In the original article the provider of the "LLM that does translation" obviously does not want the magic that comes from being able to embed complex requests in the user prompt and wants just a ML translation tool. And this could be solved by actually making a ML translation tool, i.e. instead of using a generic LLM, make a specialized translation model.
However, we do want "the actual magic" as described in the other example of the article about a virtual agent that can handle novel tasks and also process input data from e.g. emails, and there we do want the functionality, as you say, so that "The user can ask questions how ever they want, provide data in any format, request some extra transformation to be applied etc."
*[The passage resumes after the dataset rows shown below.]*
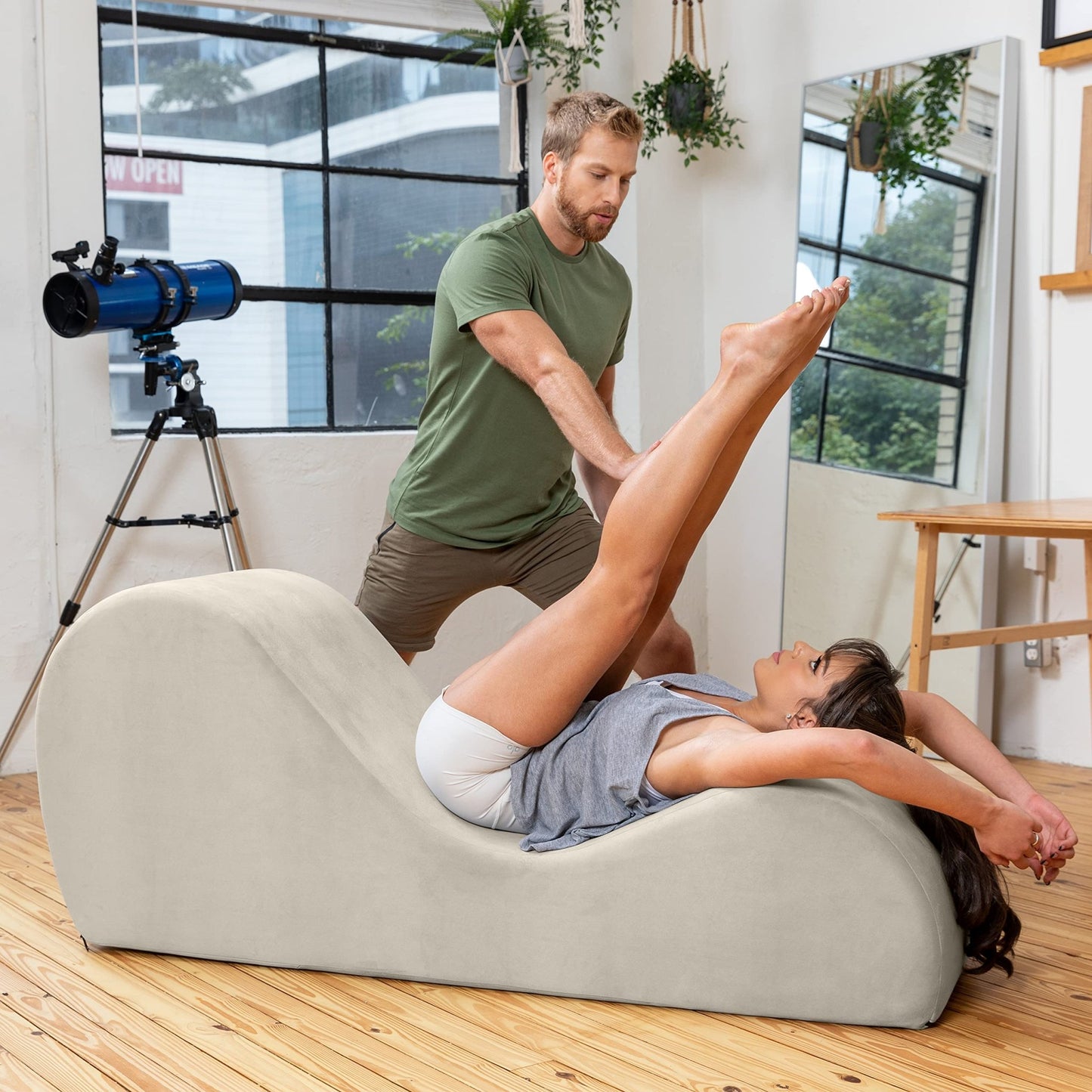 Premium Beige Intimate Lounge Sex Chaise - Vixen | Nova Network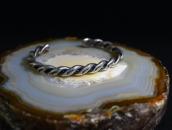 Antique Navajo Stamped Flat Twistedwire Narrow Cuff c.1935～①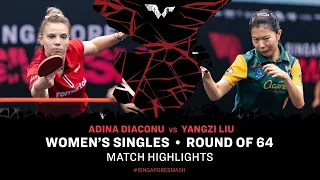 Adina Diaconu vs Yangzi Liu | WS R64 | Singapore Smash 2024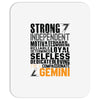 Strong Independent Motivated Gemini Mousepad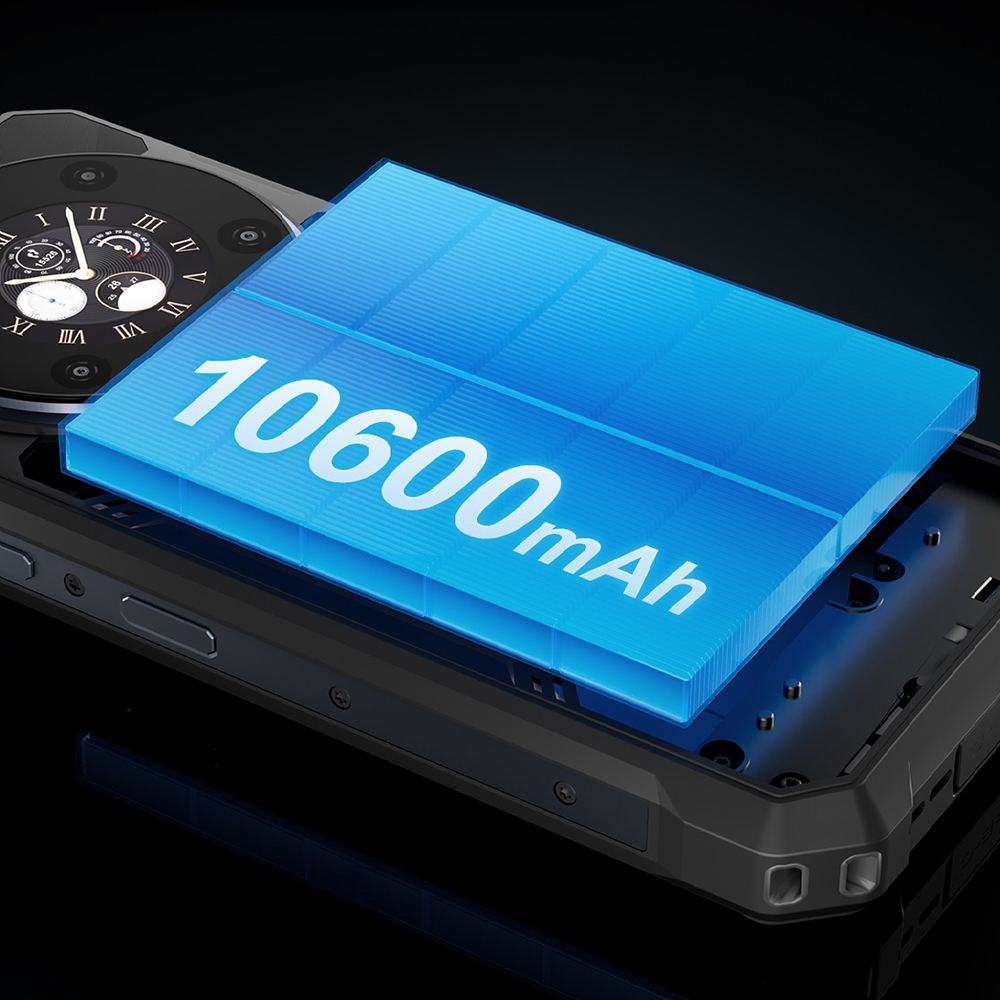 Grafika przedstawiająca baterię telefonu Fossibot F109S - zbliżenie.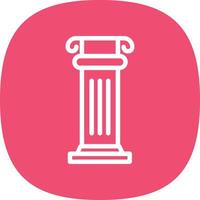 Columns Vector Icon Design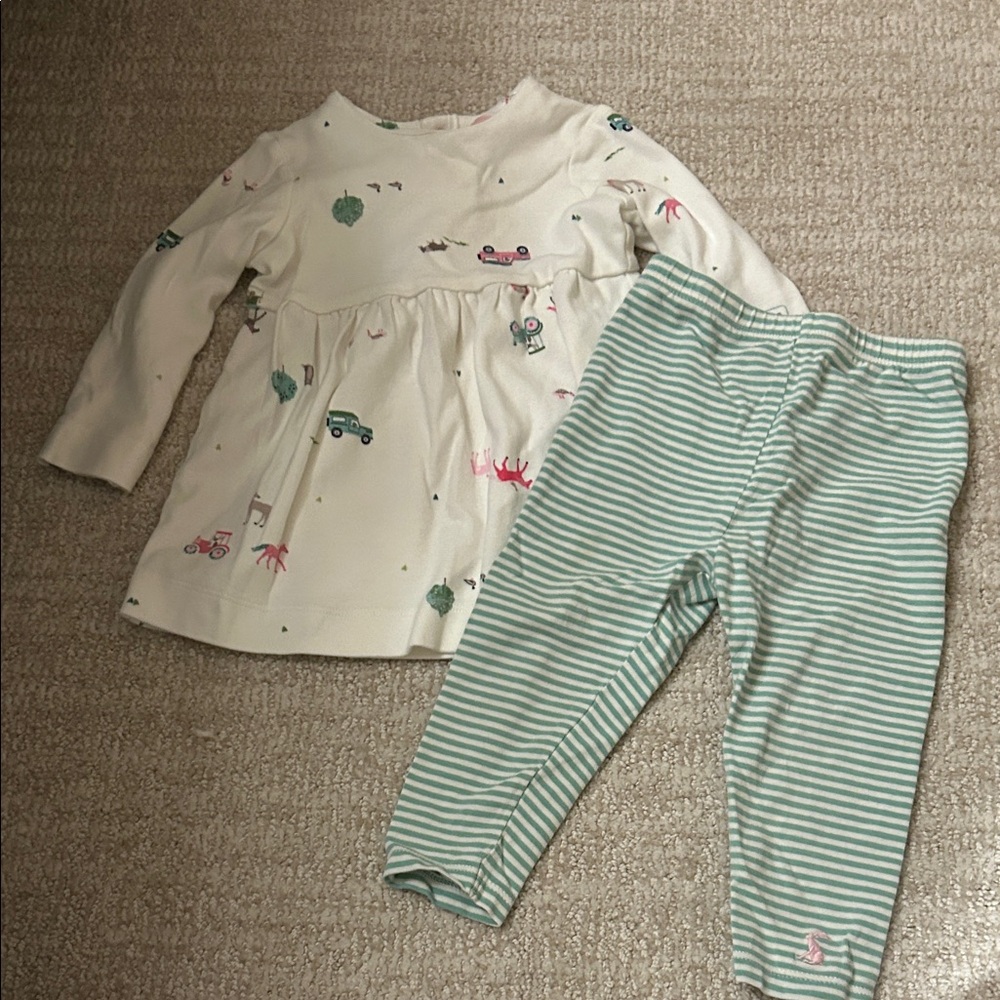 Joules brand swing baby dress and leggings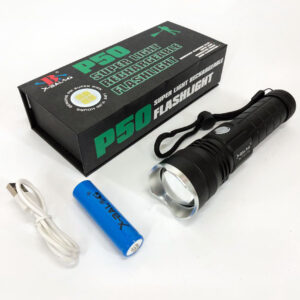 Ручний тактичний ліхтарик Bailong BL-P03-P50 водонепроникний LED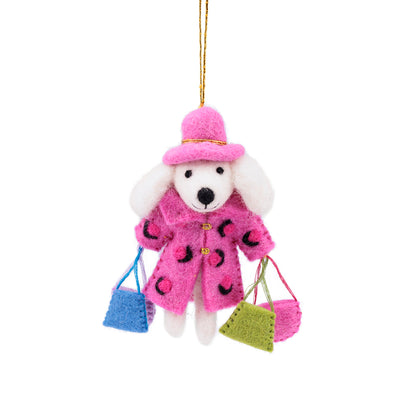 Shopaholic poedel roze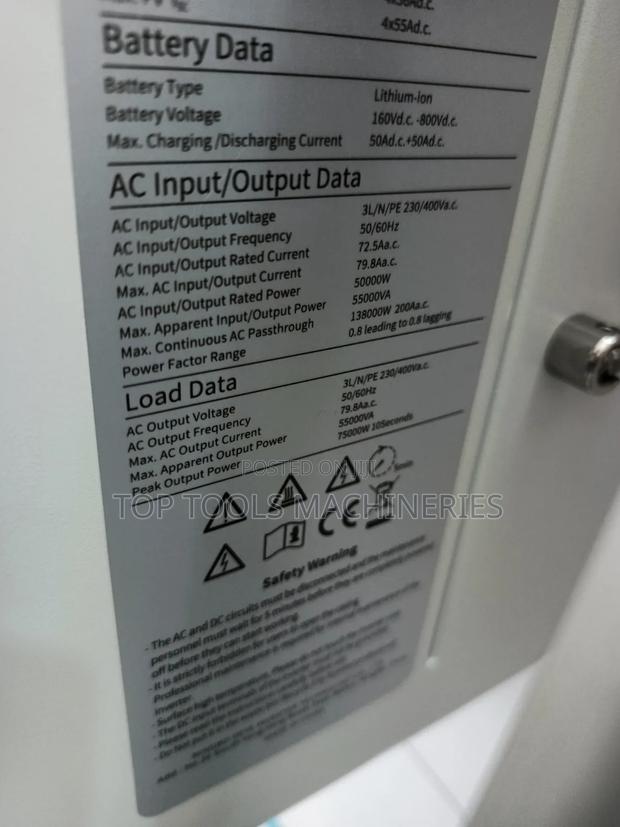 Deye 50kw Hybrid Inverter Three Phase - thumbnail 3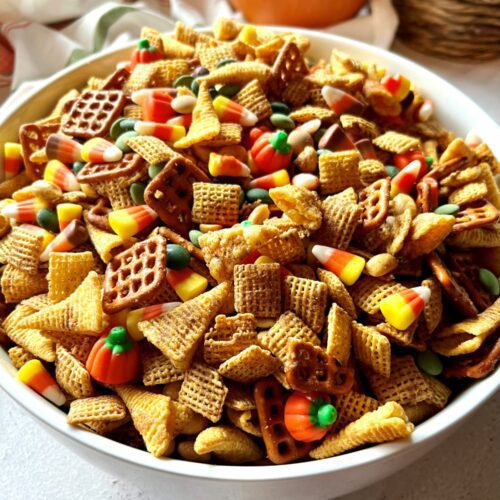 Sweet and Spicy Fall Chex Mix - The Menu Maid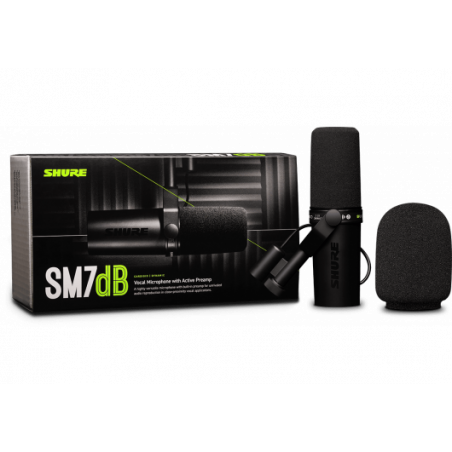 Shure SM7DB - Microphone broadcast dynamique avec préamp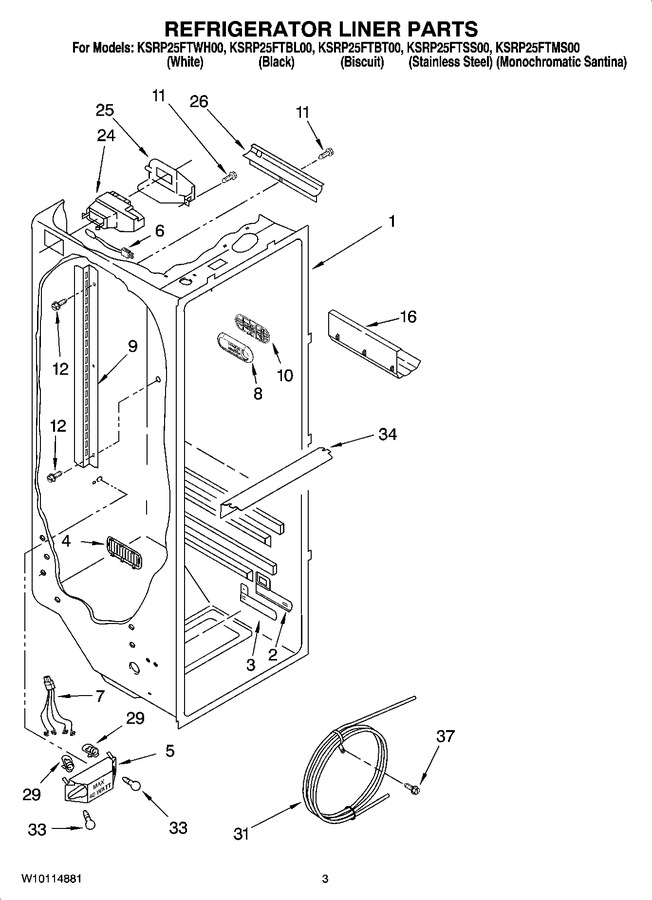 Diagram for KSRP25FTWH00
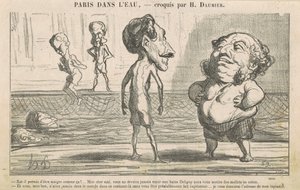 Is het Toegestaan zo Mager te Zijn! door Honoré Daumier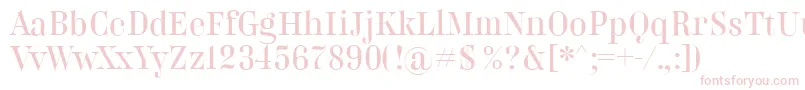 BelladonnaNormal-Schriftart – Rosa Schriften auf weißem Hintergrund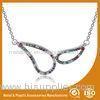 Plating Embossing Silver Glass Chain Necklace For Promotion Gift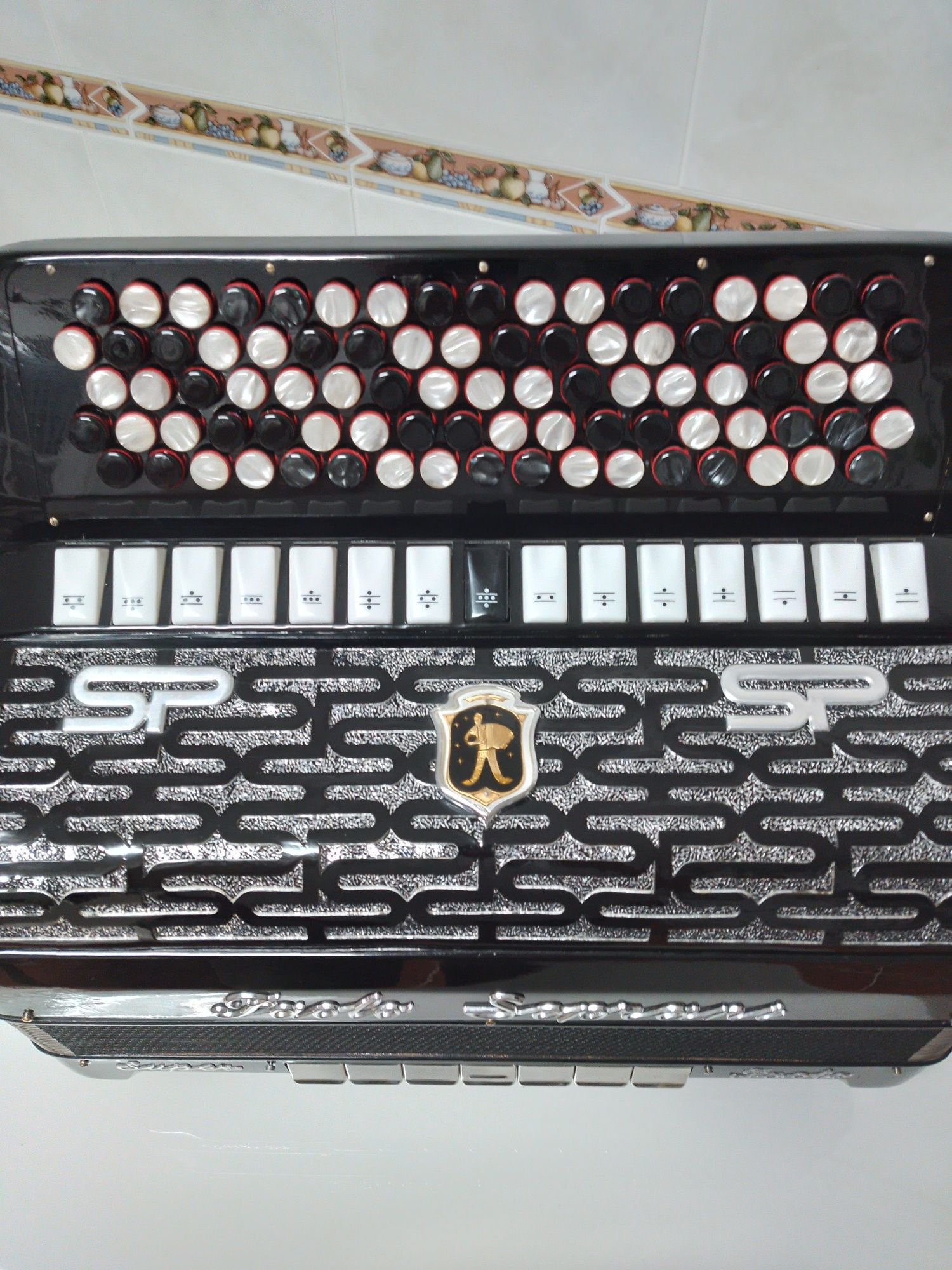 Acordeon/Acordeão Super Paolo 5voz c/cassoto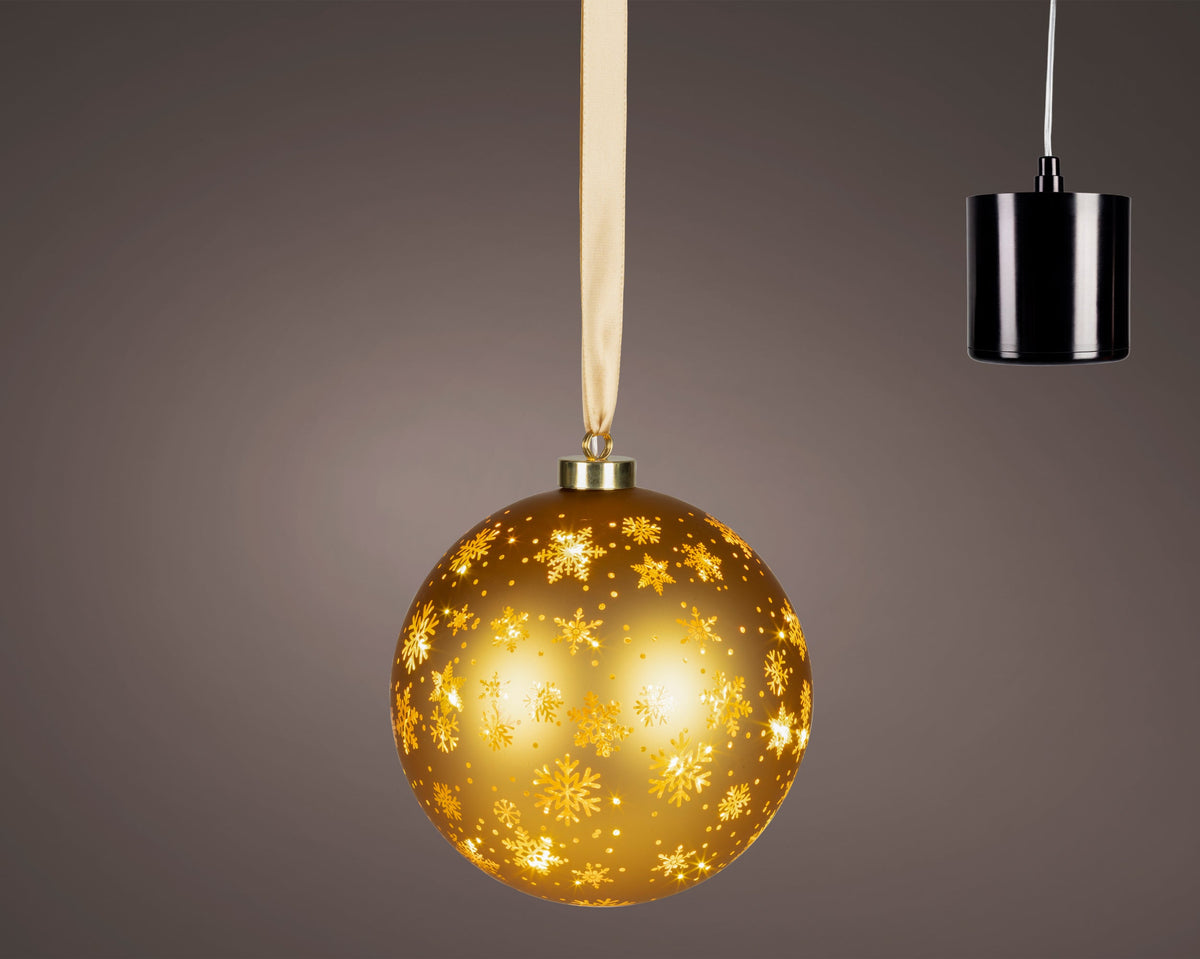 micro led bal steady binnen goud/warm wit d.19cm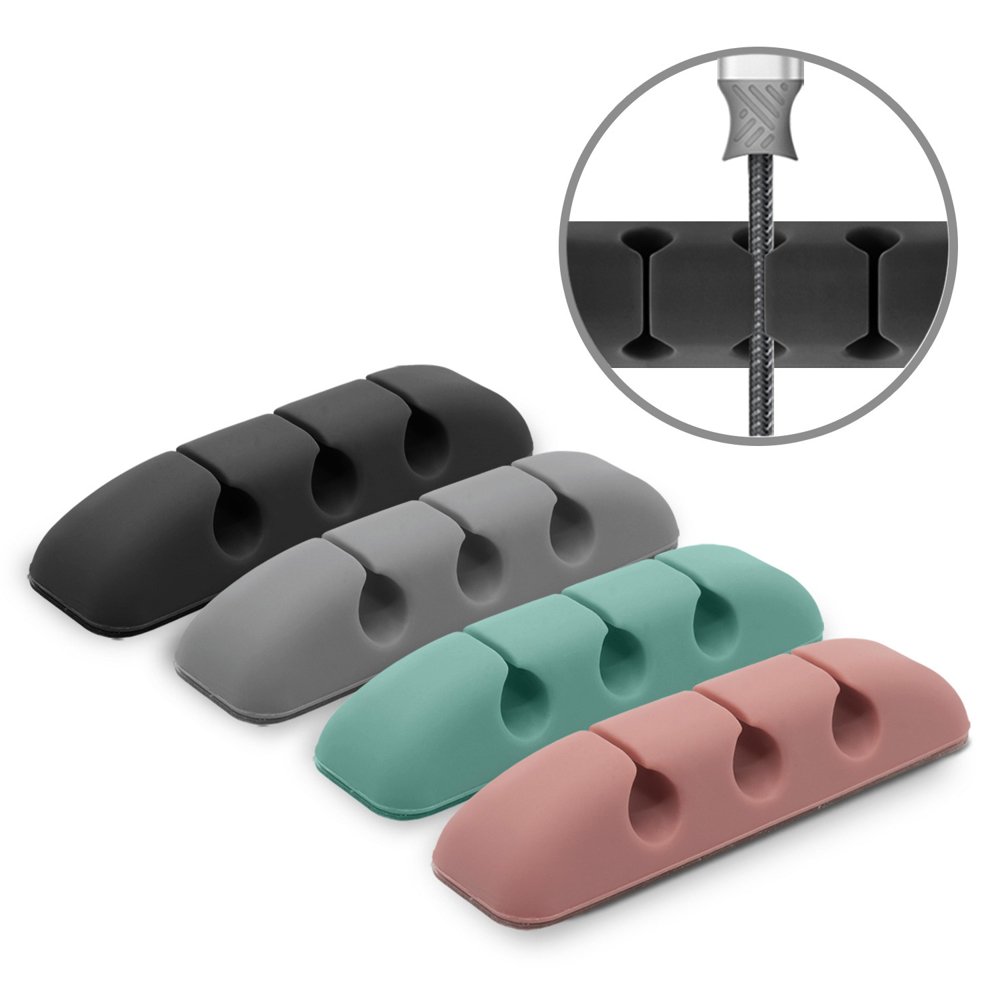 Organizzatore Cavi Ringke, Set 4 pezzi, Colori Vari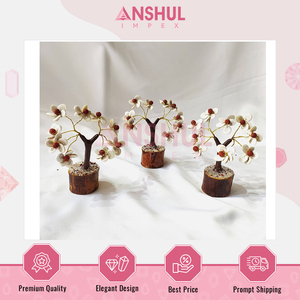 Árboles de Piedras Preciosas Rudraksh Gomati Hechos a Mano de Calidad Premium Grado AAA con Base de Madera Natural de la India, Disponibles en Grandes Cantidades - Product Image 6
BUT there is still a difference. We want "User A" to be able to ask questions however they want and request extra transformations, but we don't want "User B" to be able to do the same when some data is coming from them. We want to ensure that when the "User A" "provides data in any format" - which often will include third party data - that this data is never ever interpreted as valid instructions, that any requests in the data are treated as simply data.
I think what you're imagining is a more limited version of what is proposed. Similar ACL measures are used in classical programming all the time.
E.g., Take, memory integrity of processes in operating systems. One could feasibly imagine having both processes running at a "system level" that has access to all memory, and being able to spawn processes with lower clearance that only have access to its own memory etc. All the processes still are able to run code, but they have constraints on their capability.*
To do this in-practice with the current architecture of LLMs is not particularly straightforward, and likely impossible if you have to use a pretrained LM altogether. But it's not hard to imagine how one might eventually engineer some kind of ACL-aware model, that keeps track of privileged v.s. regular data during training and also tracks privileged v.s. regular data in a prompt (perhaps by looking at whether activation of parts responsible for privileged data are triggered by privileged or regular parts of a prompt).
*: The caveat is in classical programming this is imperfect too (hence the security bugs and whatnot).
If I’m creating a LLM that does translation, and my initial context prompt has that special provenance bit set, then all user input is missing it, all the user can do is change the translation string, which is exactly the same as any other ML translation tool we have now.
The magic comes from being able to embed complex requests in your user prompt, right? The user can ask questions how ever they want, provide data in any format, request some extra transformation to be applied etc.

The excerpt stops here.